Dalam semester pertama tahun 2018, kasus bunuh diri di Bali sudah mencapai 17 kasus. Angka bunuh diri paling tinggi terjadi  tahun 2004 dengan jumlah 180 kasus.

Direktur SIMH, Prof Dr dr Luh Putu Suryani, SpKJ mengidentifikasi dua penyebab utama bunuh diri di Bali yakni pelaku menderita penyakit fisik yang tak kunjung sembuh dan tekanan ekonomi yang tak mampu dipikul pelaku. Penyebab lainnya adalah masalah perselingkuhan, renggangnya integrasi keluarga dan putus cinta di kalangan muda remaja.

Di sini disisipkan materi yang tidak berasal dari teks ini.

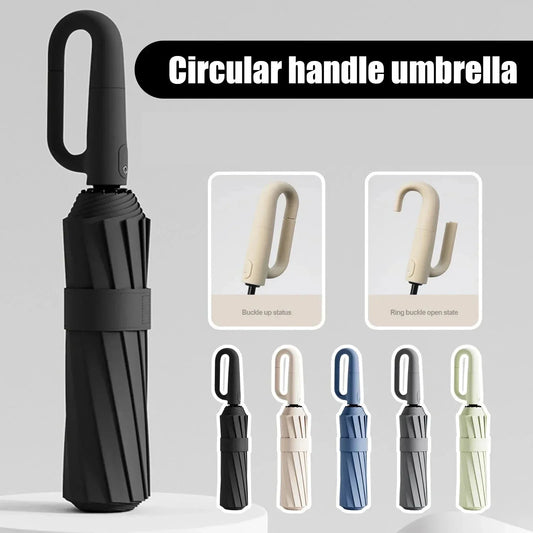 12-Rib Auto Windproof UV Umbrella with Carabiner Clip | UPF 50+ Folding Umbrella Oasis Select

Masalah psikologi lain yang membebani masyarakat Bali adalah meningkatnya jumlah penderita gangguan jiwa. Saat ini, SIMH mencatat tidak kurang dari 9.000 penderita gangguan jiwa ada di Bali.

Ketua Fraksi Golkar DPRD Bali, Wayan Gunawan mengaku sangat prihatin dengan kondisi itu. Gunawan mengimbau pemerintah segera melakukan riset  mendalam  dengan sungguh-sungguh agar tahu motifnya secara jelas dan ada solusinya yang pas.

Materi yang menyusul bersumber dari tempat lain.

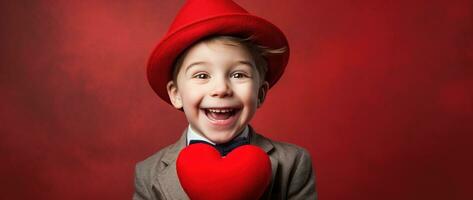 ai gerado feliz pequeno Garoto com vermelho corações em dia dos namorados dia. foto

Hasil penelitian Emile Durkheim ini rupanya bisa menjadi pintu masuk bagi pemerintah untuk melakukan riset mendalam tentang kondisi Bali. Bahwa bunuh diri, kata sosiolog termasyhur ini, umumnya terjadi karena disintegrasi  sosial.

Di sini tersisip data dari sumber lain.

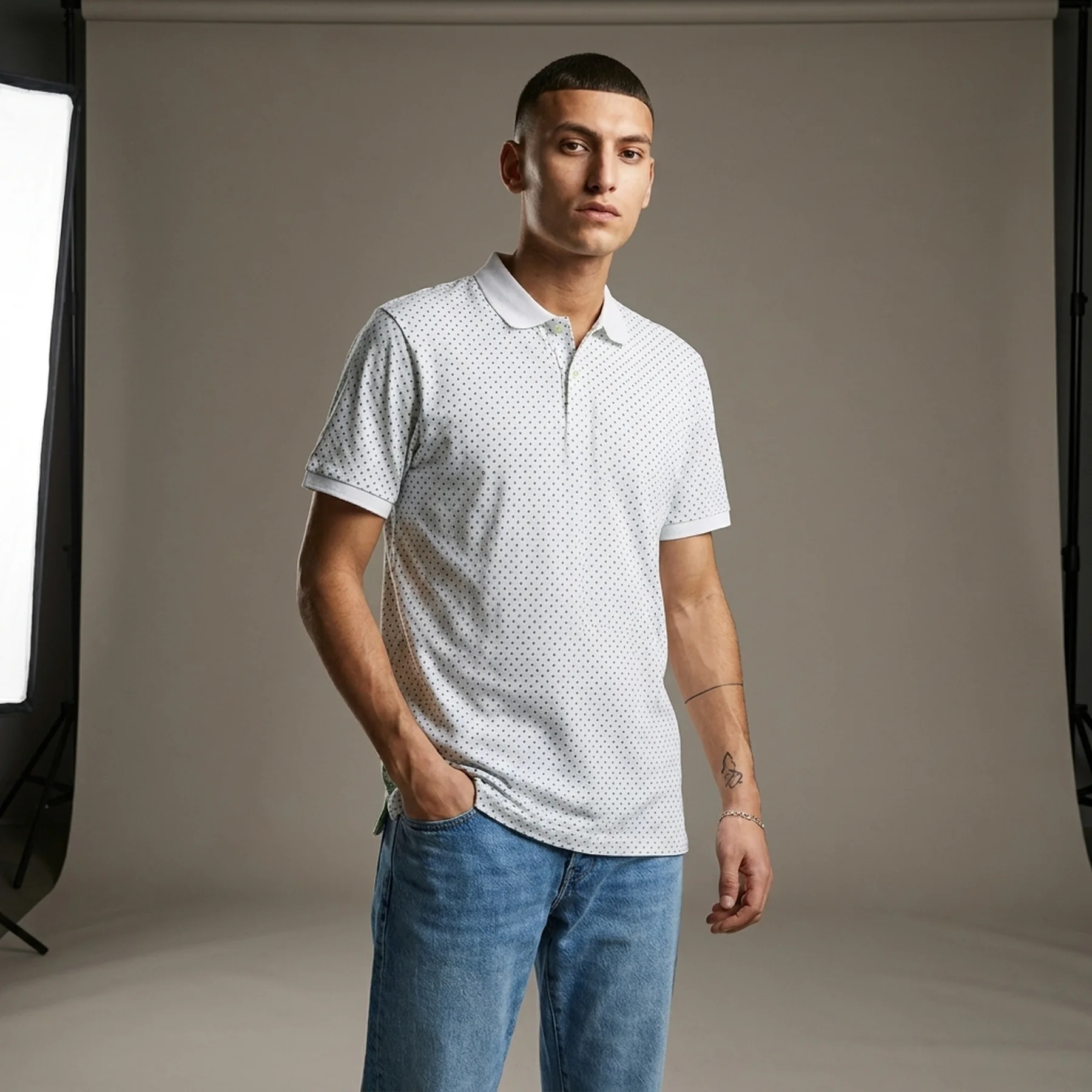 Поло JJEJACK DETAIL POLO SS NOOS 12201315-White-AOP:Full Body Jack & Jones S Білий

Durkheim mengidentifikasi setidaknya ada 4 jenis bunuh diri: 1. bunuh diri egoistic, yakni bunuh diri yang dilakukan karena individu merasa kepentingan diri sendiri lebih diutamakan daripada kepentingan kesatuan sosialnya. Individu yang tidak mampu memenuhi peranan yang diharapkan dalam kehidupan sosialnya, akan merasa frustasi sehingga melakukan bunuh diri.

2. Bunuh diri anomik, bunuh diri ini terjadi apabila dalam masyarakatnya terjadi ketidakjelasan norma yang mengatur cara berpikir dan merasa masyarakat. Gangguan itu mungkin dapat membuat individu merasa tidak puas karena lemahnya kontrol terhadap nafsu mereka.

3. Bunuh diri altruistic; bunuh diri jenis ini terjadi karena individu merasa menjadi beban dalam masyarakat, 4. Bunuh diri fatalism yakni bunuh diri ini terjadi karena individu merasa putus asa. Tidak ada lagi semangat melanjutkan kehidupannya.

Untuk menekan angka bunuh diri, maka perlu langkah terintegrasi untuk menciptakan ruang sosial yang nyaman, meningkatkan kesejahteraan lahir bathin dan agar tokoh formal maupun informal menjadi pengayom yang bijak.

Dalam rangka melakukan kajian mendalam, rekomendasi Durkheim ini bisa menjadi pintu masuk.